Anyway, it came out that Anderson led the poll because he was outside the establishment and it supposedly made you sound all smart and hip to support him....until you actually had to explain why.
I find this to be the case with most people and their political choices.
I'm in a Facebook group where the latest "thing" is to say to hell with Trump and Biden, I'm all in for RFK Jr (sometimes referred to idiotically as JFK Jr). And I think it's the same damned thing - not an establishment politician, outside the mainstream, beholden to no one - but almost to the last, his major qualification is - he's NOT one of the other two. I mean, I can TELL you why I want Trump to win - but Biden and Hillary voters usually said "not Trump" (ok, SOME Hillary voters said "because she's a woman" which is nearly as dumb).
People want to vote for the "other guy" because it's cool.
I didn't like Carter one bit - but I wasn't too keen on Reagan. As you probably recall me mentioning before, as a protest vote - I wrote in NIXON. It even made the local news. I was twenty. It was cool for my vote to be seen.

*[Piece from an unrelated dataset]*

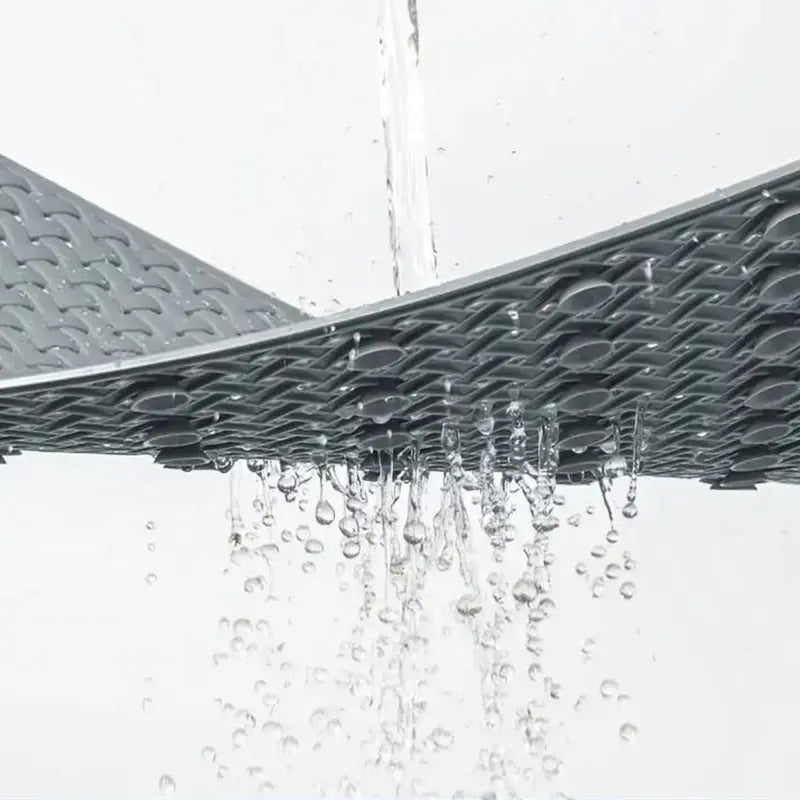 Non-Slip Bathroom Shower Mat with Reinforced Suction Cups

I wish I knew the word for it - it's "fashionable" to announce that YOU had the sense to vote for the OTHER guy - that somehow, your own political acumen is superior to others - kind of how there was this online FURY about voting for Ron Paul years ago.
We still have an electoral system that favors FPTP - "first past the post" (a reference to horse racing). The "winner" isn't the one with 50% plus portion of the votes - but the most. This is the way most of us vote for multiple choices and many have an equal chance of winning, such as when the office decides on a restaurant. Since the most straightforward way to back a winner is to winnow it down to TWO - thus more or less assuring that ONE of them will have greater than 50% - we tend to have a two party system. (Actually when the office DOES choose a restaurant, it's common to have a runoff between the top two).
But the simple fact is - ONE of these two WILL be President (barring unforeseen death of one of them). That's just a near statistical certainty.